Tuesday, July 17, 2012

Christianity Must Be Secularized - and Liberated

That is the provocative thesis of a recent book by John Cobb, Spiritual Bankruptcy: A Prophetic Call to Action.  What does this mean?  Secularizing (a dynamic term) is contrasted with secularism on the one side and religion on the other (both of which are more static sounding terms).

Religion or religiousness tends to be supernaturalist and otherworldy to the point that it lessens concern for this world.  On the whole, it refuses to secularize its tradition.  It tends to be overly cautious about innovation and stubbornly, even unreasonably committed to the past (tradition, creeds, texts, historical individuals).  Innovation is something to be feared more than embraced.  It is constituted by an "us" vs. "them" way of thinking: we have it, they don't - we're in, they're out - we get it, they don't.

Secularism is concerned almost exclusively with contemporary experience and understanding, especially through the sciences, philosophy, higher education, and economism.  It is concerned to define and categorize based on presently available information.  As such, it accumulates vast amounts of information but is "barren of wisdom" through the critical appropriation of a traditional body of knowledge.  Unlike secularizers, secularists are open to other Ways but committed to none of them.

Secularizers are those who are primarily concerned about making the world a better place for everyone to live in, but they do so with the knowledge resources of the past and present in dynamic interaction.  They are fully open to the influence of other Ways, other wisdom traditions, even as they commit to their own.  They affirm their tradition even as they understand that tradition itself to make a secularizing imperative: critical, reasonable appropriation and transformation rather than fearful, unreasonable, and stubborn commitment to past modes of thought, wisdom, and action. They embrace innovation in conversation with their own heritage.

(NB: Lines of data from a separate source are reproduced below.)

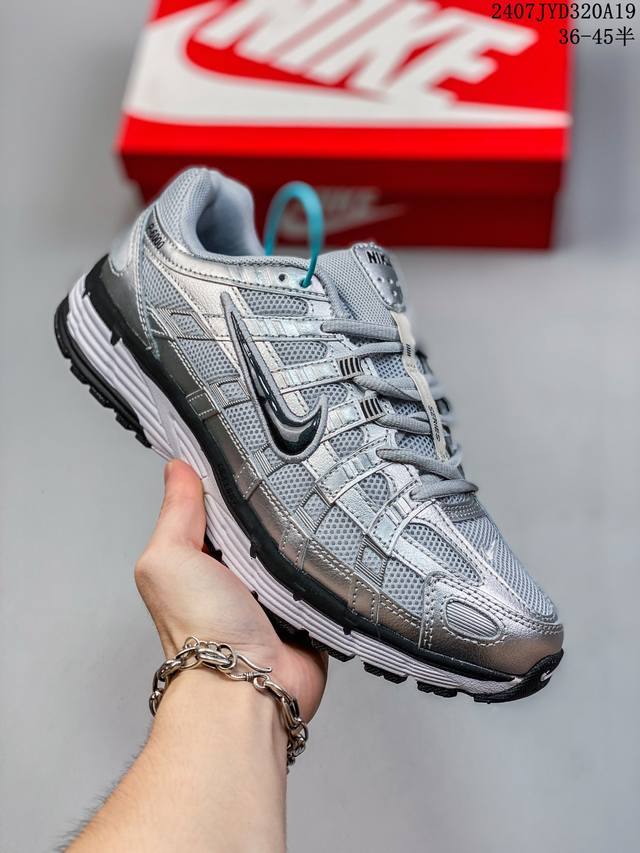 耐克nike P-6000 跑鞋内外侧都用了红色的钩子，采用透气材料，搭配匠心覆面，再现千禧年代的跑鞋风格，塑就大气外观。鞋款秉承 Nike Pegasus 2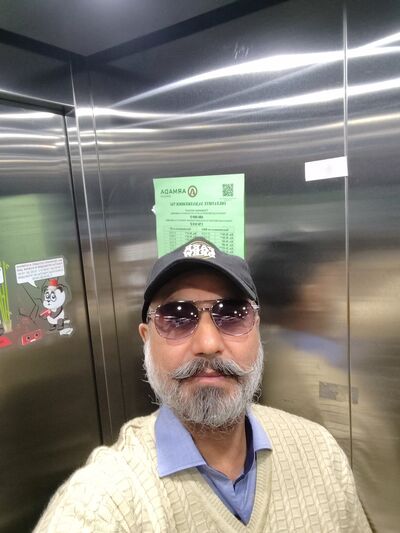  ,   Arvinder, 56 ,   ,   , c , 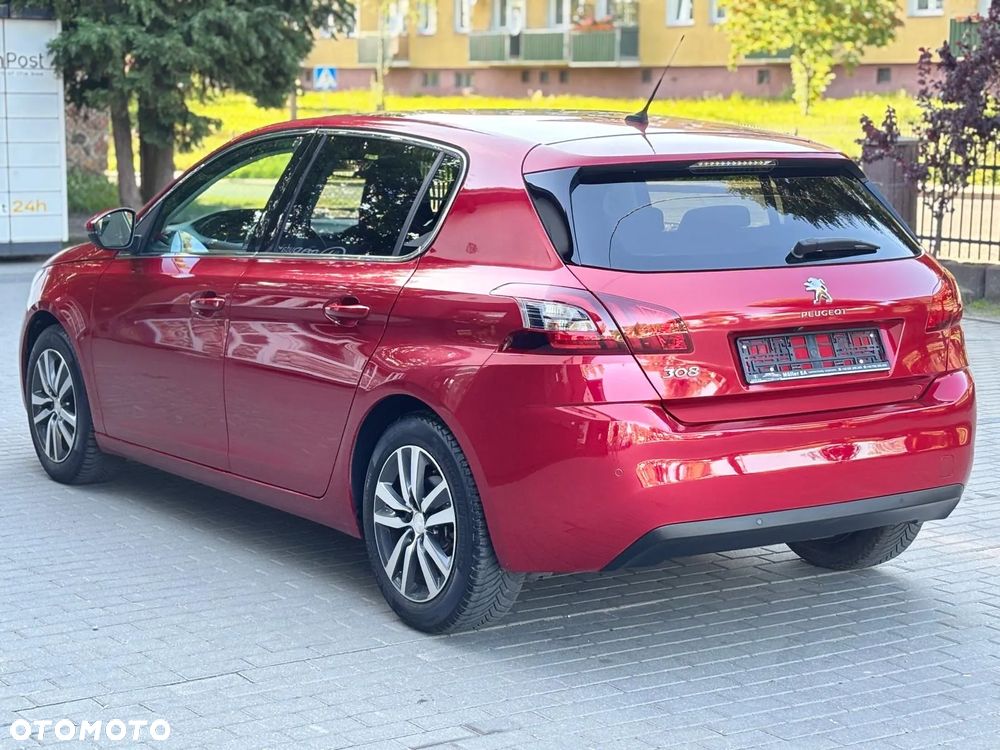Peugeot 308 1.2 PureTech GPF Allure S&S - 17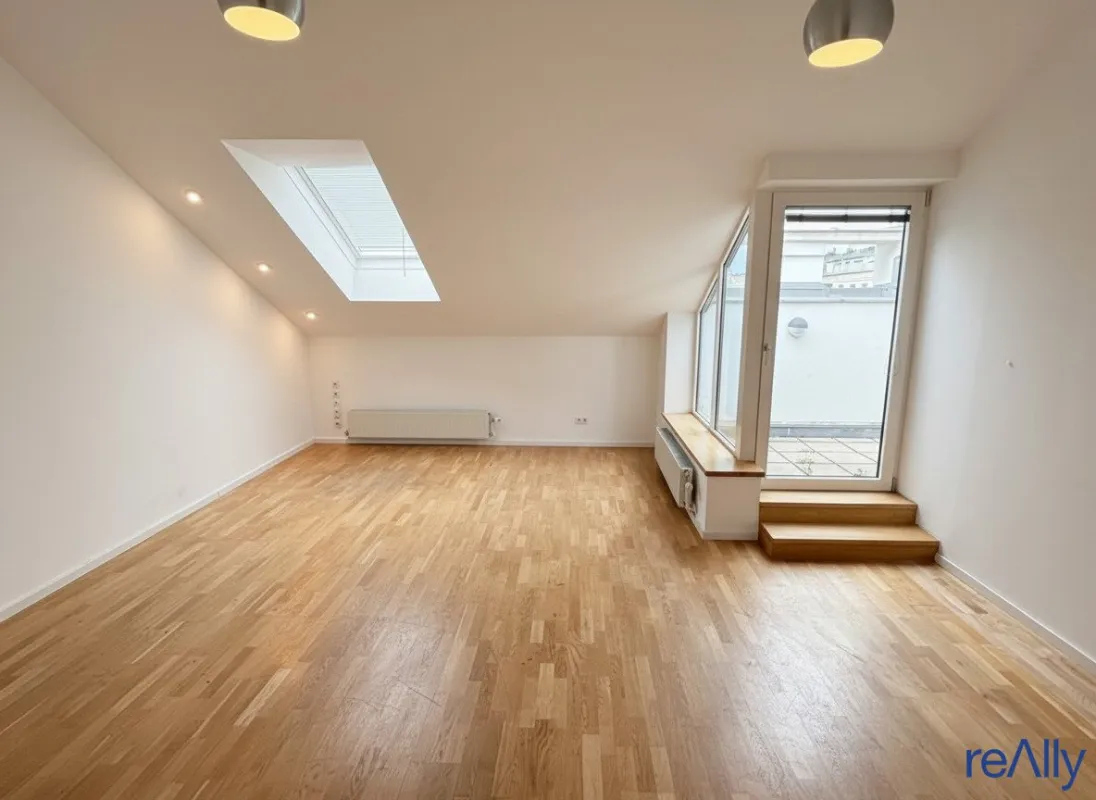 Klimatisiertes DG-Büro inkl. kleiner Terrasse in TOP-Lage OPER - Bild 1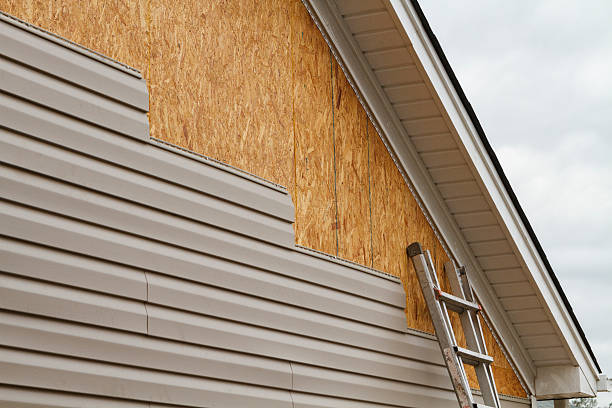 Professional Siding Installation technician working in Beallsville, OH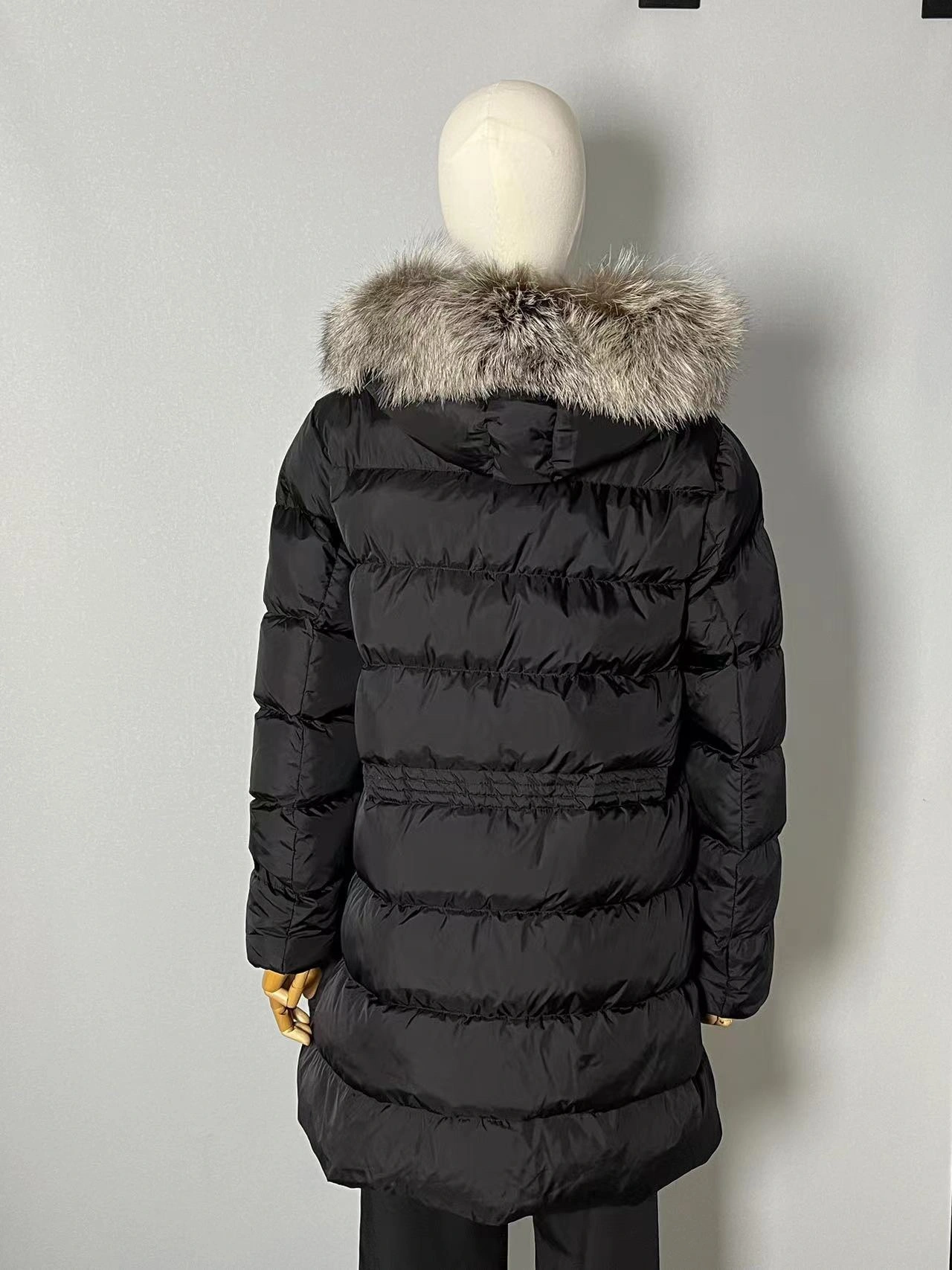 Moncler Down Jackets Timeless 146501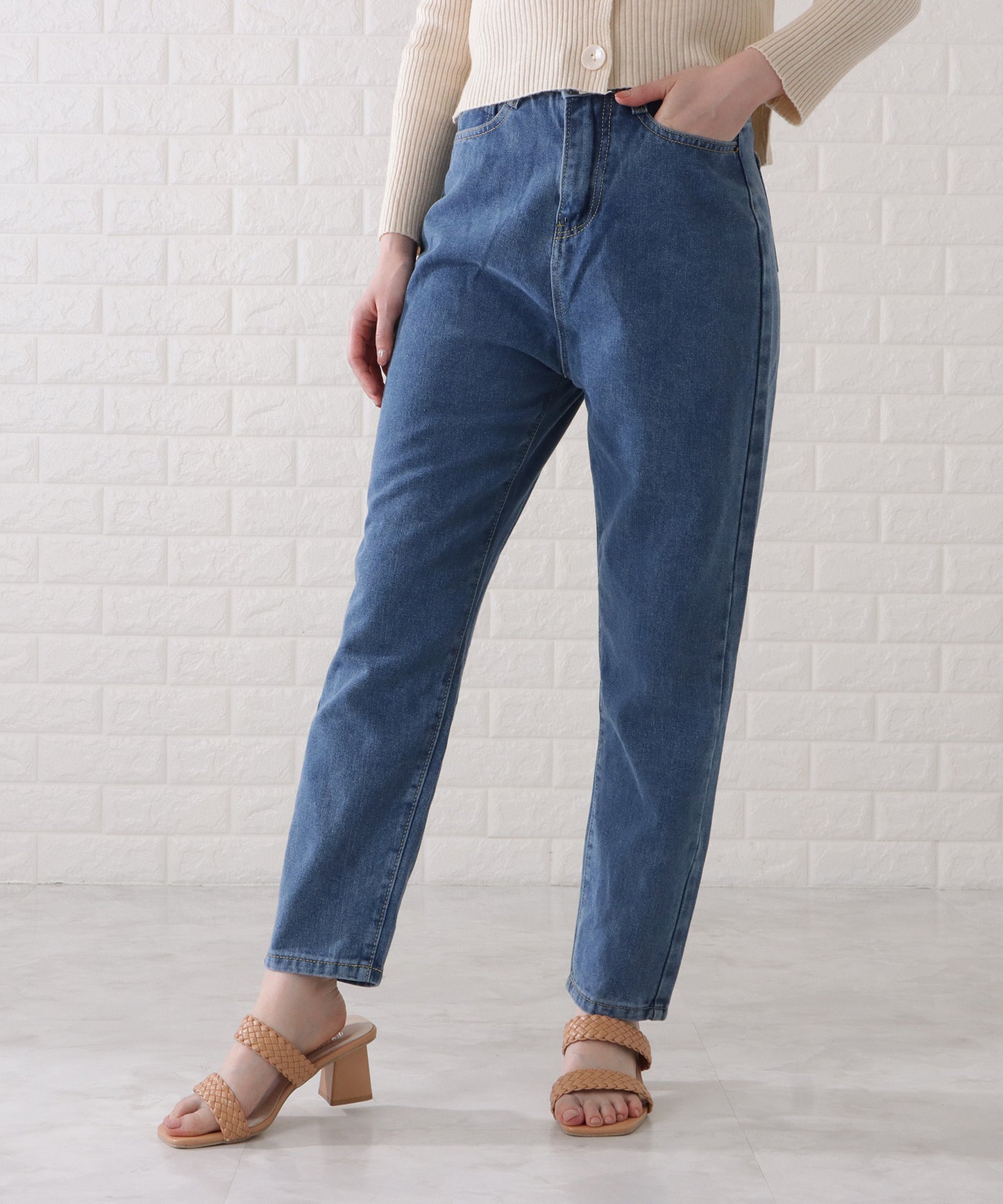 サルエル風シルエットデニムパンツ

The great secularizers (who Cobb makes a short list of that includes Plato, Aristotle, the Hebrew Prophets, Jesus, and Paul) agree that "It is possible to recover, refine, and reappropriate the wisdom of the past and clarify its relevance to the present...it does not discard the past, but it [does] not take any one past formulation as beyond further critical discussion.  On the contrary, thinkers critically examine the inherited ideas, clarify their valid meaning and use for life in the real world, and organize the resulting thoughts so as to ensure their mutual coherence."  As an example, Cobb points out that the true prophets (as opposed to the false prophets) were those who did not accept past formulations or the present culture on face value but "were the most critical of society and of the economy of the time and particularly of its religiousness."  Jesus was similarly extremely critical of the political-economic situation of his time, as well as the religious status quo.  He proclaimed and created alternative communities of nonviolent resistance against the Roman empire.  The way of Jesus drastically differed from the violent way of the Zealots as well as the way of other Jewish sects who avoided innovation in favor of reverent obedience to the past, even at the expense of human well-being in the present.

But secularizers, especially those from the First World, from the West, must also be committed to the revolutionary Pauline experience of radical conversion, rebirth, the absolute paradigm shift.  Why? Because they also recognize the possibility that many aspects of their heritage may be so profoundly mistaken and aligned with those in power rather than 'the least of these', the poor (who are consistently given a preferential option in the Bible while the rich on the other hand will not even be a part of the kingdom without giving up their possessions and exploitative way of life) that it might need to be trashed rather than merely fixed, so to speak.  A revolution comes from below rather than from above - a point that cannot be missed in any talk of 'revolution.'  Christian secularizers attempt to recognize their privileged positions and to respond accordingly to the voices of the oppressed, the colonized, the marginalized.  Especially in today's globalized economy - which is merely another disastrous stage in a long colonial project - those of us who are secularizing Christians must recognize the need for more radical revolutions than reformist projects, a more complete conversion in solidarity with the subaltern.  This is what it means, I believe, to be a disciple of Jesus today: a commitment to both secularizing and liberation.  We critically appropriate the wisdom of our tradition for the sake of the common good.  But we also live in the humble and even uneasy awareness that perhaps our vision of the 'common' good must be radically challenged from the perspective of those upon whose backs we have built our Western identities, our economic and national projects, and - dare I say it - even our religious tradition as received from Christendom to the present.